Solomon Mikhoels (1890-1948) was a Soviet Yiddish actor and director.

Born in Latvia, Mikhoels studied law in Saint Petersburg, but left school in 1918 to join Alexander Granovsky's Jewish Theater Workshop, which was attempting to create a national Jewish theater in Russia based on the Yiddish language. Two years later, in 1920, the workshop moved to Moscow, where it established the State Jewish Theater. This was in keeping with Lenin's policy on nationalities, which encouraged them to pursue and develop their own cultures under the aegis of the Soviet state. Mikhoels, who showed outstanding talent, was the company's leading actor and, as of 1928, its director. He played in several memorable roles, including Tevye in an adaptation of Sholom Aleichem[?]'s comic short stories about Tevye the Milkman[?] (which were adapted for an American audience as Fiddler on the Roof) as well as in many original works, such as Bar Kochba, and translations. Perhaps his most noted role was as King Lear in a Yiddish translation of the play by William Shakespeare. These plays were ostensibly supportive of the Soviet state, however, closer readings suggest that they actually contained veiled critiques of Stalin's regime. It is noteworthy that two of the Shakespearean plays put on by the theater company were King Lear and Richard III, both studies in tyranny.

By the mid-1930s, Mikhoels's career was threatened because of his association with other leading intellectuals, who were victims of Stalin's purges, notably author [Isaak Babel]]. Mikhoels actively supported Stalin against Hitler, and in 1942, he was made chairman of the Jewish Anti-Fascist Committee.

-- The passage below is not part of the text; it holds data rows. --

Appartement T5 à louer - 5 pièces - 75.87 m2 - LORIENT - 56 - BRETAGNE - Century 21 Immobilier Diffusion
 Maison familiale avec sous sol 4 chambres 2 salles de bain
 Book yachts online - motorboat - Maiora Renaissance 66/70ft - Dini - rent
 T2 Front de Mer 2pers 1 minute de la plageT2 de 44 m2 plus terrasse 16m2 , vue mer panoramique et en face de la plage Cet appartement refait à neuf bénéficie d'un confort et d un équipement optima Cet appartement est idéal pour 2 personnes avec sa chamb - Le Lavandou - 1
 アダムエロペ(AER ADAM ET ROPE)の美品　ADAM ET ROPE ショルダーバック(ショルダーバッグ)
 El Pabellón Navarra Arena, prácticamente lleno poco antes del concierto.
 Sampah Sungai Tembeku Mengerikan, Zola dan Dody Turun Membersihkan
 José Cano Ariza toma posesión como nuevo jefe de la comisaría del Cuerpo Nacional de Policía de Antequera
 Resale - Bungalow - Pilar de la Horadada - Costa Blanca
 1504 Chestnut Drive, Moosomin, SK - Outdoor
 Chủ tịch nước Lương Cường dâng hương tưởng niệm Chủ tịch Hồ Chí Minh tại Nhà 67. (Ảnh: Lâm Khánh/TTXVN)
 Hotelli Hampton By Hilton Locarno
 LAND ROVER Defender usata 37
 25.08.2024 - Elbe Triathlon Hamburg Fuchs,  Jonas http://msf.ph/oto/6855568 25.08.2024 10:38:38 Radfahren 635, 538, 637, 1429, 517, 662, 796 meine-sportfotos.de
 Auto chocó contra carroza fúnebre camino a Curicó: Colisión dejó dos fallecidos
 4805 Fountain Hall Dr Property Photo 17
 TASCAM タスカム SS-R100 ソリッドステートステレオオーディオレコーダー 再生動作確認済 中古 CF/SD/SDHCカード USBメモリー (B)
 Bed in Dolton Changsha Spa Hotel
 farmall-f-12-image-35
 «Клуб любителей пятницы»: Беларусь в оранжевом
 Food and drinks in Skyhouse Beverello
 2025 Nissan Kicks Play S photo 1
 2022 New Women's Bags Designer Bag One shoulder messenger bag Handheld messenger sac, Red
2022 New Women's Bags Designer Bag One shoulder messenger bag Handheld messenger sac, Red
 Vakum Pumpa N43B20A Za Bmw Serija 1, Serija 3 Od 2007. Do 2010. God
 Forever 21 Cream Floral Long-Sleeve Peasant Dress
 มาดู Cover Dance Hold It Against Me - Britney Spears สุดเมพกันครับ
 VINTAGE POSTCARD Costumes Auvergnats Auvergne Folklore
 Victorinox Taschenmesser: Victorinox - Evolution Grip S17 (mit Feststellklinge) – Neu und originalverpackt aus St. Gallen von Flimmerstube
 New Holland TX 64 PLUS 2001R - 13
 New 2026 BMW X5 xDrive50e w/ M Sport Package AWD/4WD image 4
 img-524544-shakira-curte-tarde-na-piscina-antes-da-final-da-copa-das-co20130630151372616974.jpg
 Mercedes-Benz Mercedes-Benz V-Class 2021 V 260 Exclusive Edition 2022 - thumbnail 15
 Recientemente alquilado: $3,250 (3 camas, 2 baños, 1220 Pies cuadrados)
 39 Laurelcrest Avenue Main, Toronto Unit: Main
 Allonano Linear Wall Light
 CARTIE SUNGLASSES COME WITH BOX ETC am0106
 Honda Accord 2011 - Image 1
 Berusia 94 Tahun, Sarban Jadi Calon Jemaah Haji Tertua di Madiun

In this capacity, he travelled around the world, meeting with Jewish communities to encourage them to support the Soviet Union in its war against Nazi Germany.

While this was useful to Stalin during World War II, after the war, Stalin opposed contacts between Soviet Jews and Jewish communities in non-Communist countries, which he deemed as "bourgeoisie." The Jewish State Theater was closed and the members of the Jewish Anti-Fascist Committee were arrested--all except for two were eventually executed in the purges shortly before Stalin's death.

Mikhoels was the most visible of the intellectual Jewish leadership, and a show trial would have cast aspersion on Stalin's rule. Before the purges began, however, he died in a car crash in Minsk in 1948. Though he received a state funeral, his death had been orchestrated by the MVD.